Goldman Sachs Morgan Stanley Tighten Rules on Event-Based Trading
Goldman Sachs has implemented internal policies to prevent employees from participating in contracts involving such areas as economic indicators, political developments and financial markets. The restrictions are designed to prevent employees from profiting from sensitive knowledge obtained through their work. The bank has not disclosed details of the policy publicly but has reiterated its long-standing position that non-public information cannot be used for personal gain, as reported by CNBC.
Morgan Stanley has also adopted this approach, incorporating rules for trading in prediction markets into its code of conduct for employees. While details have not been revealed, the switch signals a larger trend among big financial institutions to crack down on new trading avenues.
The actions come amid a surge in popularity for platforms like Kalshi and Polymarket, which allow people to bet on everything from election results to corporate performance numbers. Legal experts warn that the wide range of contracts available creates new opportunities for insider trading, as employees may have knowledge that could affect the probability of certain outcomes.
Enforcement Action Pushes Firms to Rethink Prediction Market Policies
These concerns have been further fueled by recent enforcement activity. In one high-profile case, a Google tech worker was accused by US regulators of using inside information to make a fortune on a forecasting site. The case is seen as a precursor to how traditional insider trading rules may be applied in this ever-evolving space.
The risks are growing, but many companies still have no clear policy on prediction markets. Corporate clients are increasingly seeking advice on how to navigate this unfamiliar territory, industry advisors say. Some companies lean on the general rules governing insider trading, but compliance experts say that explicit references to prediction markets can give employees clearer boundaries.

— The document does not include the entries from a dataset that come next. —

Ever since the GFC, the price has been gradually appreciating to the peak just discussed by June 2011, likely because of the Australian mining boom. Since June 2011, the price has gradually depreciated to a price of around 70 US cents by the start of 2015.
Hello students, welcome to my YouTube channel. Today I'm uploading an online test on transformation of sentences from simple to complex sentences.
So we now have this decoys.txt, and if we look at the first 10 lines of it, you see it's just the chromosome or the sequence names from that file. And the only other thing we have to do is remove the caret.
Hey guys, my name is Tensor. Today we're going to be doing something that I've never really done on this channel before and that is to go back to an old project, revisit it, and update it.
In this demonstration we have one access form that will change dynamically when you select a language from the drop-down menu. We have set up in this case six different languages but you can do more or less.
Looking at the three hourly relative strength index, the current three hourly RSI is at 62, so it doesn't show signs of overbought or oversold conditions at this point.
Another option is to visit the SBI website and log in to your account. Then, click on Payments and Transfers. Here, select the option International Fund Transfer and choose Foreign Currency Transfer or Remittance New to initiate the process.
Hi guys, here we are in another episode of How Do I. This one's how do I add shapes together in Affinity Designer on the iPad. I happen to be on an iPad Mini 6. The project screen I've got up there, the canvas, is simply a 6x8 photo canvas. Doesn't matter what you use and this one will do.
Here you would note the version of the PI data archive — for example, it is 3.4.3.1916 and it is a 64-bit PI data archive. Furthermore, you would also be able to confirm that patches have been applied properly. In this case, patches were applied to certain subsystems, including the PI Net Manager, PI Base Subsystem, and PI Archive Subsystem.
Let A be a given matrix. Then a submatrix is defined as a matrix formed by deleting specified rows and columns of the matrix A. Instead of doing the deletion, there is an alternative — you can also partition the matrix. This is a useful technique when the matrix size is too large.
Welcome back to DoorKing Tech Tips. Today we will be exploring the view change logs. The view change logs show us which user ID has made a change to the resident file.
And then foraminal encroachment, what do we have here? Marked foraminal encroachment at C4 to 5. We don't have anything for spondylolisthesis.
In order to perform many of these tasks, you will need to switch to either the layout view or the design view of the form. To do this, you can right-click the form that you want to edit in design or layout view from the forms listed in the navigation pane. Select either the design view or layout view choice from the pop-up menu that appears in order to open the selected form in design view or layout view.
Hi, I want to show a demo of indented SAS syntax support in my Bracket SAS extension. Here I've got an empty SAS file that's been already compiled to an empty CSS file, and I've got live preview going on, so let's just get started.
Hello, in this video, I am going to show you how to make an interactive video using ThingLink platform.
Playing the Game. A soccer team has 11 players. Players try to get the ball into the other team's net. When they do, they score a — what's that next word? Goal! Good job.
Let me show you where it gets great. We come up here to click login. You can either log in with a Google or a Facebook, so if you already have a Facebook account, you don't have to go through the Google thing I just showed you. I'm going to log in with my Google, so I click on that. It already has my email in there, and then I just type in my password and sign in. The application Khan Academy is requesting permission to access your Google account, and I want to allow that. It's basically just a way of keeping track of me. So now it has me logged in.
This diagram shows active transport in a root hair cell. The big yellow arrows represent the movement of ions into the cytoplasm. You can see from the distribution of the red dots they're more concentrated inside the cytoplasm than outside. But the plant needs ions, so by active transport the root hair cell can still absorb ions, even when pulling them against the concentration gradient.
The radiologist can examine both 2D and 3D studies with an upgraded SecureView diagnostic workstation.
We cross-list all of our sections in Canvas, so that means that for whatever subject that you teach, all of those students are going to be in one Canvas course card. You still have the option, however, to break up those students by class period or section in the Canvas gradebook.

Regulators are still working out their approach. There is little precedent, and authorities have considerable flexibility in how they pursue violations. This uncertainty has caused companies to act proactively as opposed to waiting for formal guidance.
Meanwhile, prediction market operators are stepping up their own monitoring. Partnerships with analytics and compliance firms are designed to identify suspicious activity and enhance transparency. However, experts warn that ultimately the responsibility is on employers to train employees and enforce internal controls.